Here are a couple of little tips for you in the event that
you do find yourself chargerless and in danger of becoming
a specialist in available light photography. Virtually all
of the chargers used today plug into 110V or 220V AC "wall"
current and put out DC at somewhere around six to twelve volts.
The level of current output is usually somewhere between one-half
amp and three or four amps. Check any chargers that you, other
divers, or the crew may have for various other electrical
appliances or tools. Your strobe charger will have its output
volts and amps marked on it. You may use a charger of similar
specifications to charge your strobe in a pinch. If the plug
is not right for your battery pack, cut off about a foot of
the battery end and wire the new one in, keeping the polarity
the same. If the substitute charger's output volts are higher,
or if it puts out a lot more amps than your own charger, your
batteries will charge faster than normally. When batteries
are being charged, they heat up. The faster they charge or
the closer in capacity they get, the hotter they become. Charge
until your batteries reach their proper voltage of about 1.35
or so per cell - about 5.5 for a four-cell pack. If you don't
have a volt meter, continue to charge until your batteries
become hot to the touch - hotter than warm but not hotter
than hell! If you're on a boat, there is a boat battery. If
you're on land, there are vehicles with batteries. You can,
if all else fails, charge your batteries from a boat or vehicle
battery by jumping positive to positive and negative to negative.

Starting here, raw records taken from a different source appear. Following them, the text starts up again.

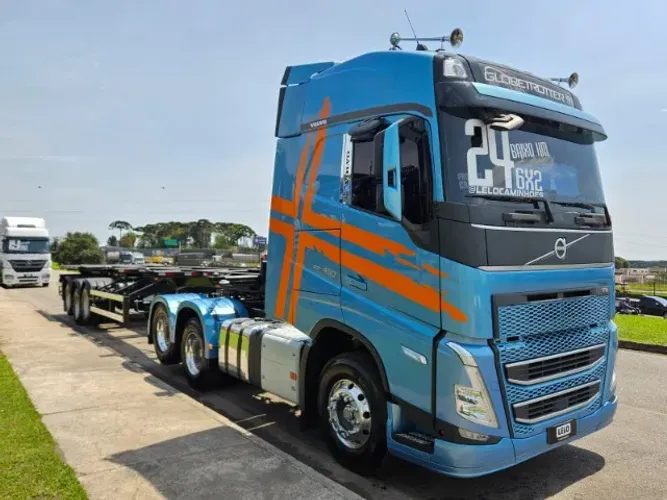 Volvo FH 460 6x2 Globetrotter Ano 2024 Multimidia Geladeira mola +Bugão 40 Pés Ibiporã 0km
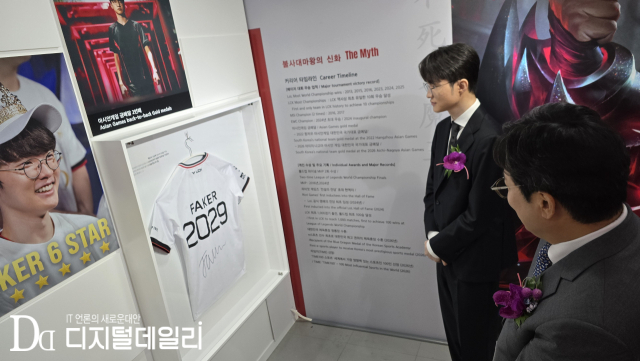 10월10일 서울중앙우체국 우표박물관에서 열린 '페이커 기념우표 기획전시관 개관식' 현장.'페이커' 이상혁(왼쪽)과 박인환 우정사업본부장(오른쪽)이 현장을 둘러보고 있다.[사진=이학범기자]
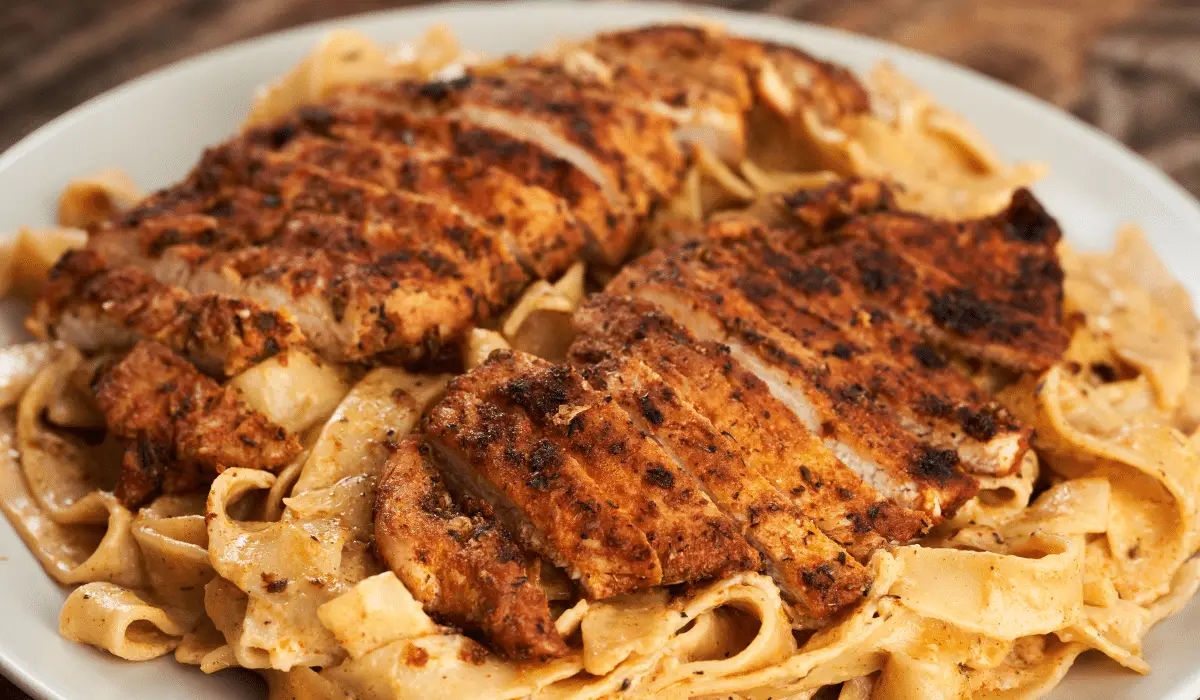 What to eat with chicken Alfredo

Since these mongo batteries are capable of delivering cranking
voltage in the hundred of amps range, careful monitoring is
definitely in order. You will have to charge your batteries
intermittently, removing a lead when the batteries become
hot and allowing them to cool a while. Repeat this form of
pulse charging until a meter reading indicates a full charge
or until the pack gets hot very quickly after hookup. This
is not a precise science, but you should be able to grab a
couple of rolls or better per charge. Expect to buy a new
battery pack when you get back, since your batteries were
probably not designed for his type of crash charging.
Underwater photography is very interesting - isn't it?